The Euro­pean and Asian tours de­clared last week that they in­tend to com­bine their play­ing mem­ber­ships and busi­ness deal­ings into a mega-tour that will stretch from the At­lantic coast of Ire­land to the shores of the Pa­cific in the Far East.

“I can’t think of any­thing big­ger,” Kerr said in a phone in­ter­view, when asked whether it was golf’s most im­por­tant de­vel­op­ment since the Euro­pean Tour’s cre­ation in 1972.

Kerr said de­tails of the new tour could be an­nounced very soon as talks to ham­mer out the de­tails were al­ready at an ad­vanced stage.

“We are work­ing through this as fast as we can,” he said. “I don’t en­vis­age it will be a pro­tracted and pro­longed process. In some way we’ve been through at least some of the tough dis­cus­sions and ne­go­ti­a­tions be­tween us and now it’s about com­ing to­gether and mak­ing this a re­al­ity. When we get fur­ther de­tails that we are able to de­liver I think we will do that.
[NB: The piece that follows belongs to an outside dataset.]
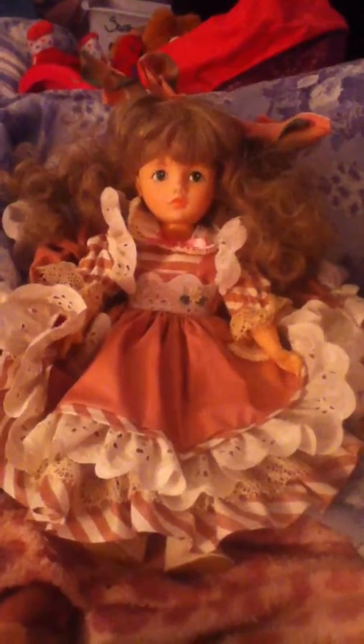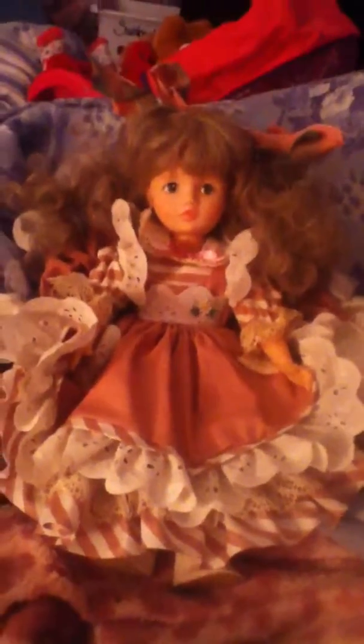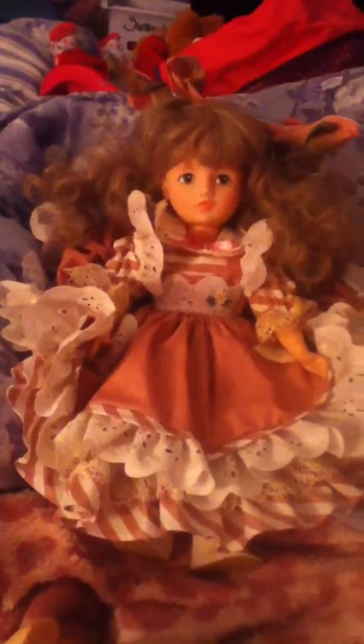So that's my new Madame Alexander doll — by Alice Darling — and I named her Alice after that character. Comment, subscribe. And I had a quick question: do you like Willa's hairstyle? Please let me know. Bye bye.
There’s no rea­son for us to hold back.”

Kerr said dis­cus­sions were “con­fi­den­tial” but did con­firm that there would in fu­ture be just one tour with a sin­gle mem­ber­ship com­pris­ing the cur­rent play­ers on the Euro­pean and Asia Tours. “This will in­volve the merger of the mem­ber­ships and the merger of the busi­ness,” he said. “You can make that leap, yes, to say there will be a sin­gle mem­ber­ship.

“It will be based on merit and the Asian Tour mem­bers will ef­fec­tively get ac­cess to the en­tire sched­ule of tour­na­ments that would be in­cluded in any fu­ture tour.”

Kerr says ul­ti­mately the tours are there to ben­e­fit their mem­bers — the play­ers — and the merger will en­sure long-term sta­bil­ity in a sport which has seen some events dis­ap­pear from the cal­en­dar in re­cent years. “I don’t think that we would have em­barked on this had we not be­lieved that ac­tu­ally it would sat­isfy our core pur­pose, to de­liver more earn­ings and more op­por­tu­ni­ties for all of our mem­bers,” he said.

He said that the an­nounce­ment had been well re­ceived within the game and it now was a case of talk­ing to the play­ers and en­sur­ing they un­der­stood the plan and were com­fort­able with it. “We are now start­ing that process on both sides. Ev­ery­thing that I have heard, ei­ther through the media, through part­ners, spon­sors or from play­ers has been very pos­i­tive. Quite hon­estly there has been no neg­a­tiv­ity what­so­ever. Most im­por­tantly we need to get to our mem­bers, to en­sure they un­der­stand these de­tails, to en­sure they’re com­fort­able with them and ef­fec­tively ap­prove them go­ing for­ward.”

He would not be drawn on whether this would mean the end of their strug­gling ri­vals, the OneAsia Tour, which has staged just six tour­na­ments so far in 2015. “You will have to ask them,” he said, but added the merger would start to mend Asia’s “frac­tured” golf scene.